Exercise description:
Everything in the data except the pictures belongs in your answer, copied exactly.

______

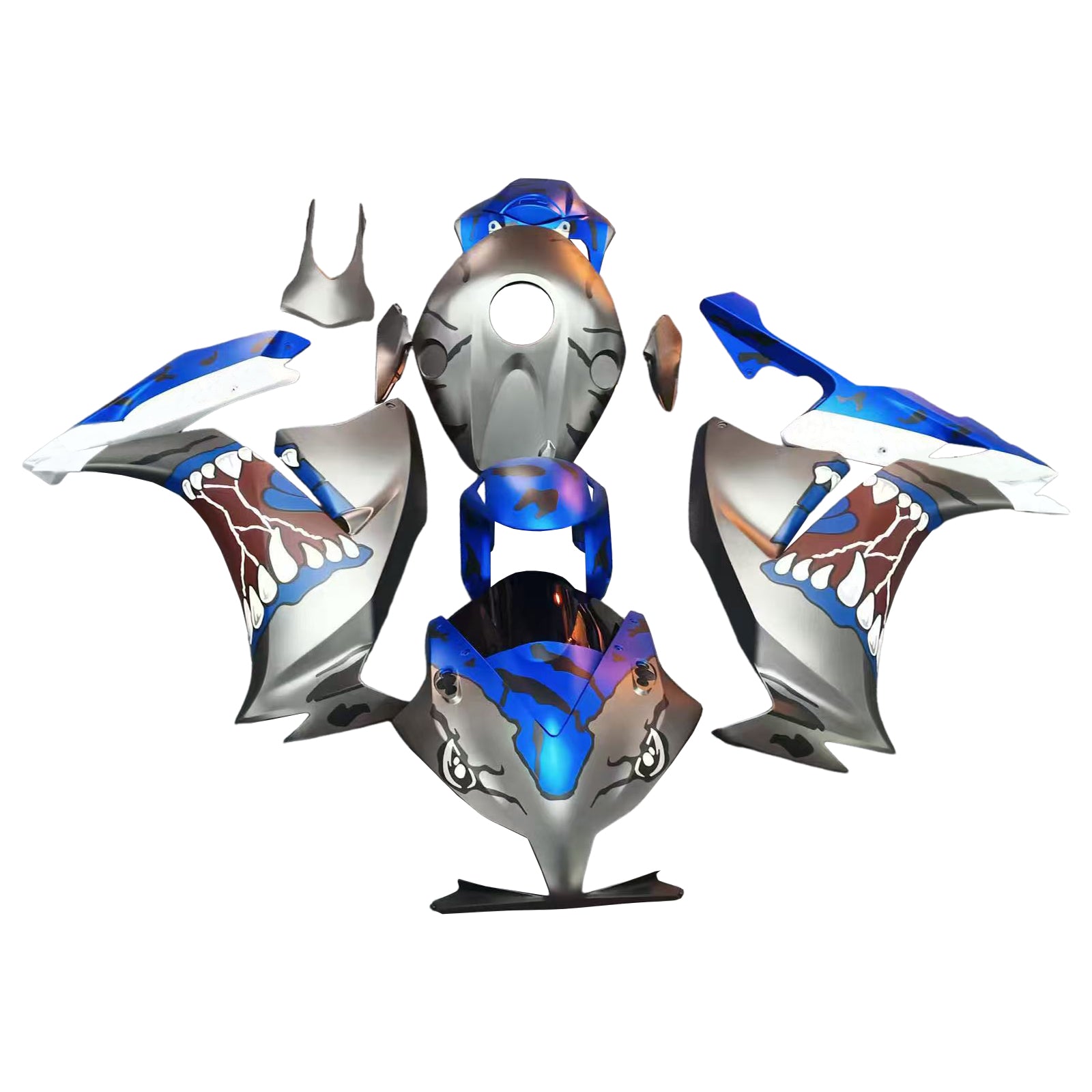 Injection Fairing Kit Bodywork Plastic ABS For 2012-2016 Honda CBR1000RR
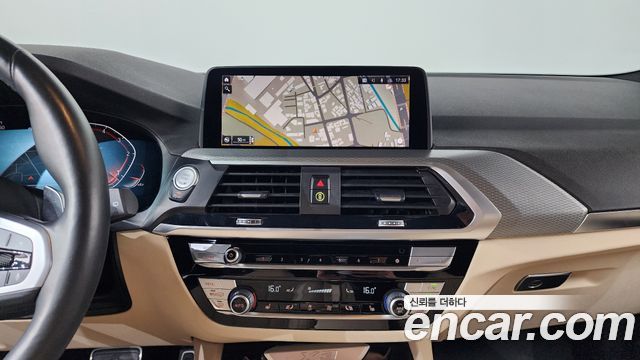 BMW X3 (G01) xDrive 20d M Sport 2020 — фото 12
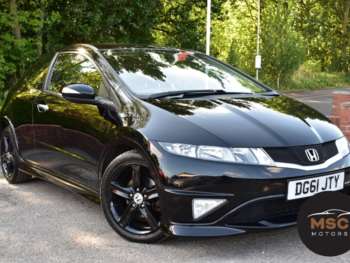 2011 - 1.8 i-VTEC Type S GT Hatchback 3dr Petrol Manual (155 g/km, 138 bhp)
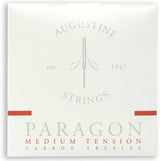 Augustine Strings for classic guitar Paragon Carbon - Set red (medium/medium)
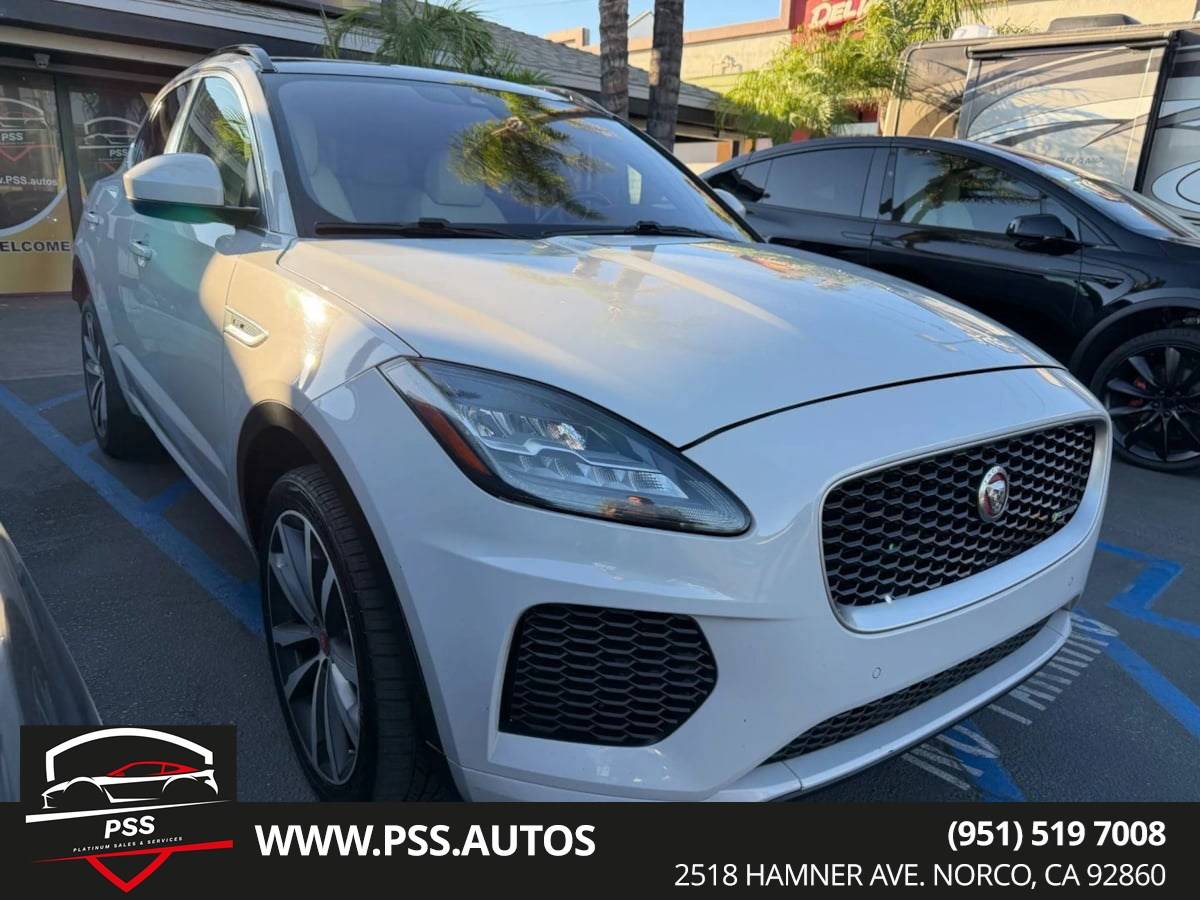2019 Jaguar E-PACE R-Dynamic SE — SUV — 107,277 mi — Norco, CA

______

Response to the task:
 Injection Fairing Kit Bodywork Plastic ABS For 2012-2016 Honda CBR1000RR
 BMW X3 (G01) xDrive 20d M Sport 2020 — фото 12
 2011 - 1.8 i-VTEC Type S GT Hatchback 3dr Petrol Manual (155 g/km, 138 bhp)
 Augustine Strings for classic guitar Paragon Carbon - Set red (medium/medium)
2019 Jaguar E-PACE R-Dynamic SE — SUV — 107,277 mi — Norco, CA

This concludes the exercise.